- **Task goal**:
Where does the word "Volkswagen" show up in the records? Copy every line that holds it.

- **Information**:
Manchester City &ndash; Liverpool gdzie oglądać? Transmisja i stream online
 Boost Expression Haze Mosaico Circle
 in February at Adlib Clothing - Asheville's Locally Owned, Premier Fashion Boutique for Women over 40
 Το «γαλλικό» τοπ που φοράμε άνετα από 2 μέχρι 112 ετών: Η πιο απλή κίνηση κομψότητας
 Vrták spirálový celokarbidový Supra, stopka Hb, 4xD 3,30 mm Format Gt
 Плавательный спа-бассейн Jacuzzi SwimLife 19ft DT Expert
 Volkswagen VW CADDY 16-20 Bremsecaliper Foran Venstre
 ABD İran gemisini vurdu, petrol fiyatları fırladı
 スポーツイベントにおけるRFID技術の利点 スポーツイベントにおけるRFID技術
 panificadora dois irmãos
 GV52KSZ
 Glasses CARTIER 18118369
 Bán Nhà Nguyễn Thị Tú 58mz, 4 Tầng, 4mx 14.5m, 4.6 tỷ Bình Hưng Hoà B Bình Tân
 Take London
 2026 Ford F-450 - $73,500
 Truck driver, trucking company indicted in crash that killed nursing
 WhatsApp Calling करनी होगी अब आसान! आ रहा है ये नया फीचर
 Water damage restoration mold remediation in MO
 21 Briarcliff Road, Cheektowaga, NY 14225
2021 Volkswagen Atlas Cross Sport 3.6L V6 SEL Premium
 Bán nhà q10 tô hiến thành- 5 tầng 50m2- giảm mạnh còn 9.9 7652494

- **Solution for this exercise**:
 Volkswagen VW CADDY 16-20 Bremsecaliper Foran Venstre
2021 Volkswagen Atlas Cross Sport 3.6L V6 SEL Premium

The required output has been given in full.